After some time you don't need to rely on visual tools, just can run a few methods, look at some numbers, and understand all your data. Kinda feels like the operator of The Matrix that is looking at the green numbers descend and knows what's going on behind the scenes.

[0] Your eyes are really inefficient at capturing information and there's only so much memory available: try loading a 15GB CSV in Excel.

7 comments

I would caution against this approach in general (unless you’re working with unusually uniform data from a deterministic source — in my world that is rarely the case). Summary statistics are useful but taken in isolation they can mislead. One loses the ability to get a feel for interesting non-aggregated phenomenon.

I find it’s important to actually “touch” the raw data even if only in a buffered, random sampling sort of way to get a feel for it. Sometimes with big datasets, looking through rows of data feels tedious and meaningless but I’ve found that I’ve often picked up on things I wouldn’t have without actually looking at the raw data. Raw data is often flawed, but there’s often some signal in it that tells a story hence it’s important not to overlook these through a lens of aggregate statistics.

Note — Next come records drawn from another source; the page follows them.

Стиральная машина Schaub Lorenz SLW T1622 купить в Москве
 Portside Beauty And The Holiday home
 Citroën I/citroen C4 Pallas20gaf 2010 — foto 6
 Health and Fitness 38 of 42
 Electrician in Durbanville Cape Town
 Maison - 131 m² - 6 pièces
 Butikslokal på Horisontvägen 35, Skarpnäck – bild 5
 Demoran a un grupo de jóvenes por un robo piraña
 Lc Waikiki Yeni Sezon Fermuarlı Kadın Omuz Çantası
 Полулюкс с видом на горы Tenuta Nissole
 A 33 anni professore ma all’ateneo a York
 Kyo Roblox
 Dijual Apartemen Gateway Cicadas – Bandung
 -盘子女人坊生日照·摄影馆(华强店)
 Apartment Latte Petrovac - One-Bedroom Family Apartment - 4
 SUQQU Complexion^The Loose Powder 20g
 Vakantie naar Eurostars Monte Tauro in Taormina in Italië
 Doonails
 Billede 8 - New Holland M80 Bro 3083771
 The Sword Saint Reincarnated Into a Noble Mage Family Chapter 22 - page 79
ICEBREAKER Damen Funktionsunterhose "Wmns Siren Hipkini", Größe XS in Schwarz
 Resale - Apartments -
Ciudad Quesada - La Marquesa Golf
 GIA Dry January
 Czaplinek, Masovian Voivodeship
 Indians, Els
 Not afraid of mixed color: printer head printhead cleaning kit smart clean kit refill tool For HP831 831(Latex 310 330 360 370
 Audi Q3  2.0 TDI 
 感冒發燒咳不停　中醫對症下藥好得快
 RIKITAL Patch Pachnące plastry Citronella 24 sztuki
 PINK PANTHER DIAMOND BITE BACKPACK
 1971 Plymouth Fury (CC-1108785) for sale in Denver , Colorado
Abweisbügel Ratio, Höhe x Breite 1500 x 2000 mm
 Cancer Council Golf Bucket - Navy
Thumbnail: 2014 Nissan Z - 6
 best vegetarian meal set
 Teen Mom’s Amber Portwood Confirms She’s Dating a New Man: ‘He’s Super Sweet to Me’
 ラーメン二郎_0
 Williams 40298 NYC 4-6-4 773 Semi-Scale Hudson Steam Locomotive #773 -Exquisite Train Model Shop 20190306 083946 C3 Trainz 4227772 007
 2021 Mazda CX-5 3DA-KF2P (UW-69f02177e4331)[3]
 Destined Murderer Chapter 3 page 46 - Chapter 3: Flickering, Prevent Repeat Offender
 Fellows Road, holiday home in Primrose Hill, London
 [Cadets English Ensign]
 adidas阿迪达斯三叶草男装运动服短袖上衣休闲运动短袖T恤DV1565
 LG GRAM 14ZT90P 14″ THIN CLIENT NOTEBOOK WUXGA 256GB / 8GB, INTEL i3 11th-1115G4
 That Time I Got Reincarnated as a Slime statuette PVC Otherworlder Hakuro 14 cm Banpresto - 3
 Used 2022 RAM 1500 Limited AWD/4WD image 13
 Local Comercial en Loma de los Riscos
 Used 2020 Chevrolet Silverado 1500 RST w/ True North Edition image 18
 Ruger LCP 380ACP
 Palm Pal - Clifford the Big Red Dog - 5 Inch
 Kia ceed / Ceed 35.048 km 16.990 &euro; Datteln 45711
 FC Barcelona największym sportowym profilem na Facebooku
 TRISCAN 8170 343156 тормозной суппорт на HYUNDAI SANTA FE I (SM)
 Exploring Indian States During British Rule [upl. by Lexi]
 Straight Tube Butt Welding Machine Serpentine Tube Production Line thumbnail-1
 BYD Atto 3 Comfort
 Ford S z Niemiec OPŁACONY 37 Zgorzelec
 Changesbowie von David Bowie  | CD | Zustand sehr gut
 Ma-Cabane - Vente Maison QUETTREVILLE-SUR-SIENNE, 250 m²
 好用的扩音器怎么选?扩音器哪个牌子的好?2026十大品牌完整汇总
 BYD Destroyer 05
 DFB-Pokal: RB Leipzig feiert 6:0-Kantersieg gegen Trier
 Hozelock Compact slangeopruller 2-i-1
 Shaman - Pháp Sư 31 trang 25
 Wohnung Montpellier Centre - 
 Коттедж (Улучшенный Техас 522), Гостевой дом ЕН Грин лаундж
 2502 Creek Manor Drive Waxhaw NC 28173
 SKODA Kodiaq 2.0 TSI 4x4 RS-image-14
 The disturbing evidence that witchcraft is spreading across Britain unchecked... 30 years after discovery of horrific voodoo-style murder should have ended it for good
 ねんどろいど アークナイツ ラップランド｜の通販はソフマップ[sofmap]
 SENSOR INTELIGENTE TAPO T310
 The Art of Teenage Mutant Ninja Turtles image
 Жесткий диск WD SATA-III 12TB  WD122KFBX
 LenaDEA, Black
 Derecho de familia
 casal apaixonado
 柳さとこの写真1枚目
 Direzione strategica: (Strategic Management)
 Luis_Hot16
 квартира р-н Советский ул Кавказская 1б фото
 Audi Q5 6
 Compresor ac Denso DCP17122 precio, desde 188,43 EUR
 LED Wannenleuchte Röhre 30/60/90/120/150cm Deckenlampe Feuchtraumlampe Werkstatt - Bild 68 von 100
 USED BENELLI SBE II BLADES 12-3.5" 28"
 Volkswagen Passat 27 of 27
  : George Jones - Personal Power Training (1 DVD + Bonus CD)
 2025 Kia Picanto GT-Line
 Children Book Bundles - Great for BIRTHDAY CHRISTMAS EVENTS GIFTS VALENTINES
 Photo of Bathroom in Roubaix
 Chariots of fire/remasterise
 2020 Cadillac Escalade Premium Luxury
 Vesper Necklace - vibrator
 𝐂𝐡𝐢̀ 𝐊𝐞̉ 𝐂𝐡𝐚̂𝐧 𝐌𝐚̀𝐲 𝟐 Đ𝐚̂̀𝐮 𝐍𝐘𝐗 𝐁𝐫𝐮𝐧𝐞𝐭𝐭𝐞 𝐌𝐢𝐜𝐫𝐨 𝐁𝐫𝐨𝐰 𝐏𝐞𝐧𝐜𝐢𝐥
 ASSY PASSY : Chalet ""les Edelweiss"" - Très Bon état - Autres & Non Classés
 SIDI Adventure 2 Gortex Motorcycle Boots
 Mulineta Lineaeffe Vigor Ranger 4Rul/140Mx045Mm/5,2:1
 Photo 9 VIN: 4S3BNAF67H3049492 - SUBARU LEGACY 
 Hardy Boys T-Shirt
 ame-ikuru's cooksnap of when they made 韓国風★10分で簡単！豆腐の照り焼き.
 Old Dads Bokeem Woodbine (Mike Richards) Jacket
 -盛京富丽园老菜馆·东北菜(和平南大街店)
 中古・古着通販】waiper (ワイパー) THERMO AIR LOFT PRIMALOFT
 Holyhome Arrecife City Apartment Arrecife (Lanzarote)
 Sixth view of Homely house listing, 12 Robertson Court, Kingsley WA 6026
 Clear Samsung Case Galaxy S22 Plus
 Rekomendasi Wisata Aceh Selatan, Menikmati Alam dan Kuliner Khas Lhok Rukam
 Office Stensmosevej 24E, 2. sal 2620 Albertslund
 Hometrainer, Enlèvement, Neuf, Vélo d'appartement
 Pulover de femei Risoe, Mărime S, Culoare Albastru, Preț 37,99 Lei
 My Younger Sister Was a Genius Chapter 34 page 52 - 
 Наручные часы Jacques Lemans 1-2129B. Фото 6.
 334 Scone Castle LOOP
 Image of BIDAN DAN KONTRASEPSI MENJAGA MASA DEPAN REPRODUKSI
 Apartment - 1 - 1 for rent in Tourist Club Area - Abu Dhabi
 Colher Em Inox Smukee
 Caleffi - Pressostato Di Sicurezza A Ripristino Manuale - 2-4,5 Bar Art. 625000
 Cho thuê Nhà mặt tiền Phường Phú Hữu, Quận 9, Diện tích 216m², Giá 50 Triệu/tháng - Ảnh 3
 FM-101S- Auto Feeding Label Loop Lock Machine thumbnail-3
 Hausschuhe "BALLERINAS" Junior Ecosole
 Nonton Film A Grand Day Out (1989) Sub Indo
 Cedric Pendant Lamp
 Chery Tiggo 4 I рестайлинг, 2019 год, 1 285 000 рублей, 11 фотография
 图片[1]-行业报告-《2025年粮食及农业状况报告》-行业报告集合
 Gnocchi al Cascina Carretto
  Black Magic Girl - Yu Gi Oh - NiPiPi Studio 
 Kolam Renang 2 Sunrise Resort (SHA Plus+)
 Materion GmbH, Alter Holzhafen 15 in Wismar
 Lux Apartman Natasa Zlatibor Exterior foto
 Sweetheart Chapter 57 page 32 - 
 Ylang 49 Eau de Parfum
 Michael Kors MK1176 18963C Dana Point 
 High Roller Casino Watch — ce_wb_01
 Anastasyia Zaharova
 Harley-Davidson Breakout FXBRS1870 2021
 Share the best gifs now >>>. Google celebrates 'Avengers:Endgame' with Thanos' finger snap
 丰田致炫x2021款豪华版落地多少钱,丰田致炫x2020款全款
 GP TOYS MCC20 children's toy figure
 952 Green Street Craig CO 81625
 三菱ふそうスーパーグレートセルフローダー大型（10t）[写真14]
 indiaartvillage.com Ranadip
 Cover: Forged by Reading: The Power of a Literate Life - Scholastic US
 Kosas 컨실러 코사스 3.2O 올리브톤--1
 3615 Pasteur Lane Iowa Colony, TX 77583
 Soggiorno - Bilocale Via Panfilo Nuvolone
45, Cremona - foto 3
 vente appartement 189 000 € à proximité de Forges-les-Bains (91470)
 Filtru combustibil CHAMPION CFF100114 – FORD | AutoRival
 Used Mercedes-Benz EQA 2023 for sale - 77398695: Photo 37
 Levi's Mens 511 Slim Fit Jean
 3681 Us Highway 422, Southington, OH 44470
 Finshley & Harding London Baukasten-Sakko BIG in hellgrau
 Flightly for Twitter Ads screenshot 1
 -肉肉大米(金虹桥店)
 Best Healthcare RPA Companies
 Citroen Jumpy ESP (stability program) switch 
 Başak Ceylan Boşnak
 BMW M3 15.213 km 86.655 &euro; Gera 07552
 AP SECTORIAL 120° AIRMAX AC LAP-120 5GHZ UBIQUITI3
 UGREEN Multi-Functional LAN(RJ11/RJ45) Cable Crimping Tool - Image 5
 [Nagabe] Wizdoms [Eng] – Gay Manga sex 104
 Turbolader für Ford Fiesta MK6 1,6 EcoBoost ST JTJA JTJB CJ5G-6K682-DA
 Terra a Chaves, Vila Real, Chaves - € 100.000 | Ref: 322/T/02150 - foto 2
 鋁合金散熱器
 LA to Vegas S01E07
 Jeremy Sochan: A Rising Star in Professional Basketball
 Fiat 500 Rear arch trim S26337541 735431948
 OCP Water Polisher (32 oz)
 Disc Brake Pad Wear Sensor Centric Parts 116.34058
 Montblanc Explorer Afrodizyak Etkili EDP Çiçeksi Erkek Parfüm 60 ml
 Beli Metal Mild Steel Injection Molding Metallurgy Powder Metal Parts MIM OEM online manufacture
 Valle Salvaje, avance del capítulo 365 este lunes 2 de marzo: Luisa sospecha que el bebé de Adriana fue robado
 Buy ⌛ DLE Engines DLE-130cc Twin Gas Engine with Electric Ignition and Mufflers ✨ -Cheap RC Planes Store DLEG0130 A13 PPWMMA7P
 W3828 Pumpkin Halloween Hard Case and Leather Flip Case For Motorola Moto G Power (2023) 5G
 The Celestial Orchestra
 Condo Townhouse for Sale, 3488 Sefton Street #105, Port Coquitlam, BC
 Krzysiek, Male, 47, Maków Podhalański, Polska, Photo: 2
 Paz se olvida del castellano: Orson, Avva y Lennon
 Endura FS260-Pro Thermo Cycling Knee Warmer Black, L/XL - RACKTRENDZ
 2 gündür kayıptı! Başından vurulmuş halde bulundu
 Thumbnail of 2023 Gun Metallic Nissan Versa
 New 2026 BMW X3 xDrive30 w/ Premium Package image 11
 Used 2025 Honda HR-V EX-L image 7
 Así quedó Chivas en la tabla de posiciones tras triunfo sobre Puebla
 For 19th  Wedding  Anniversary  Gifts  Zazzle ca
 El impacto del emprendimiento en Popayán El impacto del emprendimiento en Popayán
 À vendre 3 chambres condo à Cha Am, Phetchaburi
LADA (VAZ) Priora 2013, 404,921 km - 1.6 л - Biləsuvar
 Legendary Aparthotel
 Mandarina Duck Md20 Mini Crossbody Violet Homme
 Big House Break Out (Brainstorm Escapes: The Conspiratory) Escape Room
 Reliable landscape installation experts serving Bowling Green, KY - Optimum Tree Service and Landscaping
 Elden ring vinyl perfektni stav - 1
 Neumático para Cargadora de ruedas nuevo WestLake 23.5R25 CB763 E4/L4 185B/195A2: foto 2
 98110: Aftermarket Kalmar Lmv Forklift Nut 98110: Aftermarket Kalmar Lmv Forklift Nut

The next step is to visualize the data multidimensionally in something like Tableau. Tableau works on very large datasets (it has an internal columnstore format called Hyper) and can dynamically disaggregate and drill down. Insights are usually obtained by looking at details, not aggregates.

A good example of what you are warning against is Anscombe’s quartet

https://en.wikipedia.org/wiki/Anscombe's_quartet

Histograms and Boxplots (and IQRs) don't lie tho...
Boxplots don't lie, but they can mislead as any summary statistic, data viz or model can. https://blog.bioturing.com/wp-content/uploads/2018/11/BoxVio...

Misleading histograms depend totally on the bin-width tho.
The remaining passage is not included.